Many self-inflicted gunshot wounds are preventable, many are a result of negligence. Some can be really accidents, but most are the result of human error.
Know What You Are Getting Into
Having just finished up a Concealed Carry Instructor course we spend a good amount of time going over risk mitigation. How to set the tone for safety, how to observe for potential issues, but most of all how to prevent incidents in the first place. There is only so much you can do, but within that scope there is a lot. Many times I see a very lack luster attitude towards safety. If you come across this attitude be very cautious. We cannot afford to be cavalier; which really amounts to recklessness. Experience is a blessing, but it is also a curse. I can almost recount an incident for many of the common issues we see today. I’m not happy about the fact I can, but it serves a purpose.
Dark Case Studies
When I got back from my trip I literally had an email waiting detailing the death of an officer as a result of carrying concealed. Then, I get to work and learn of a fatality during a force on force event. These types of incidents happen a lot more than people realize. They may not touch your lives, but they can impact your future. In our course I talk about some case studies. Three of the case studies I had direct knowledge, meaning I either spoke with the victim, the instructor or the investigating officer. I try not to add more to my brief, but I could easily. These are all fairly recent with most going back no more than four years. We talk about how to prevent these types of incidents in the future, but studying what went wrong.
The Fire Pyramid
Four of the six cases all were a result of the trigger finger somehow manipulating the trigger causing the gun to discharge. Allow me to regress. For a self-inflicted gunshot wound to occur, three conditions must be in place. The gun must be loaded, the muzzle must be pointed at the body and the trigger must be manipulated. That’s it! There are no other reasons. I use as an example the fire triangle to help folks understand when one of these criterion is missing the self-inflicted GSW cannot occur, maybe I should caveat “should not” occur. When you consider this in your range evolutions it helps to reduce the possibilities of negligent discharges from students. You must be unapologetic with regards to safety. Ironically, the four safety rules we follow take into account the self-inflicted GSW Pyramid. In other words, we treat all guns as if they were loaded, always. We keep the muzzle pointed in a safe direction, not at our body. Lastly, we keep our finger straight on home position until the sights are on target and you are ready to fire.
Stop The Insanity
It seems simple enough, but when we examine those case studies two or 50% of the incidents happened during the draw stroke. Meaning they shot themselves as they were drawing the gun from the holster. If we should not put our finger on the trigger until the sights are on target then how could this happen. Because there are some who promote prepping the trigger. Truthfully, I was one of them when I shot DA guns. In an effort to get on that long travel you start early. With today’s inventory being mostly made up of striker fired guns this is a dangerous trait to develop. Made more so within the industry by some promoting the idea you will be faster. Now, you are adding another dangerous element; stress.
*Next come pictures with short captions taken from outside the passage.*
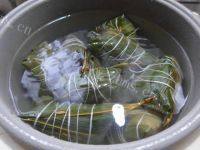 特色花生米酱肉糯米粽做法图解12)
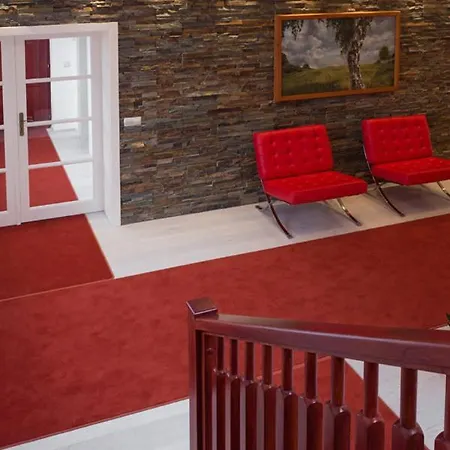 Arx & Wellness Self Check-in 4* Chrudim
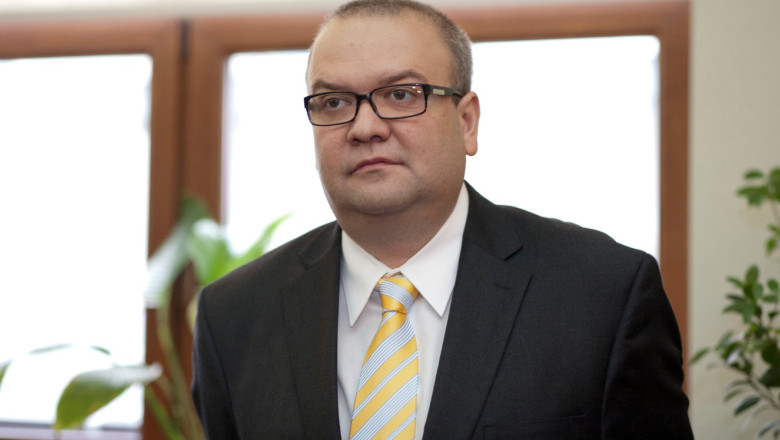 Tu cat ai stat la coada la impozit? Liberalul G. Scutaru l-a depasit pe ministrul R. Cotovelea: Eu am petrecut o ora la ghiseu Imagine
The problem is human nature. It is human nature to want to be fast. It is also human nature to be fallible. Combine these with a gun and it shouldn’t surprise people why we see these incidents. The bottom line, you are not gaining anything by “prepping” the trigger, you really are not. You might not like hearing that, but whatever perceived advantage you may think pales in comparison to the possibility of shooting yourself. It is a slippery slope. You say it is okay, but only when the gun is in the position. Then, it is okay when the gun is closer to the body in this position. Then, okay when the gun is coming out of the holster. Where do you draw the line?
I’ll bet you every one of those folks in the case study didn’t think they would shoot themselves seconds before they shot themselves. Prove me wrong.